Inúmeras raças extintas passaram curvadas sobre a terra; cruzaram no peregrinar de cem odisseias misteriosas, todos os continentes, para que seus passos apenas deixassem como derradeiro vestígio sobre a face do globo as letras fatídicas desse epitáfio de glórias, essa palavra única — unidade! Tudo o mais é o segredo do tempo. Os séculos desconhecidos esconderam sob a dobra dos imóveis sudários a memória dos obreiros com o risco e os instrumentos do trabalho — e vê-se a prodigiosa obra anônima erguer-se recortando o perfil estranho no horizonte desmaiado do passado, como o vulto da esfinge incompreensível no céu dos grandes desertos!

É a melancolia da história! Por entre o canto das Epopeias antigas escuta-se a espaço o gemido surdo desse desconhecido e infeliz mundo de escravos sobre cujos ombros doridos os heróis assentavam as suas cidades de luz...

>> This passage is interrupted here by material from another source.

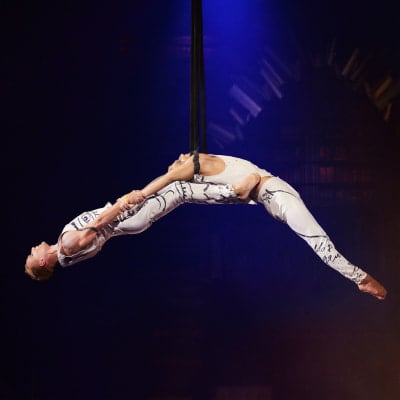 Espectáculo de maestros espiritistas colgando de un arnes en Cirque du Soleil Joyà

E os palácios heroicos da humanidade, que são as horas solenes da sua inspiração, encobrem-nos também os peitos escuros mas fortes sobre que se ergueram esmagando os talvez, esses torreões de brilho!

Mas que importam os sacrifícios? O carro de triunfo não se lembra da mina sombria donde saiu o metal das rodas que o levam.

A obra do mistério, a cúpula esplendida da história antiga ergue-se e ninguém, sabe aí por que mãos se ergue. Mas solida é a sua base, que nenhuma convulsão lançará por terra como o canto de granito nos alicerces do circo romano.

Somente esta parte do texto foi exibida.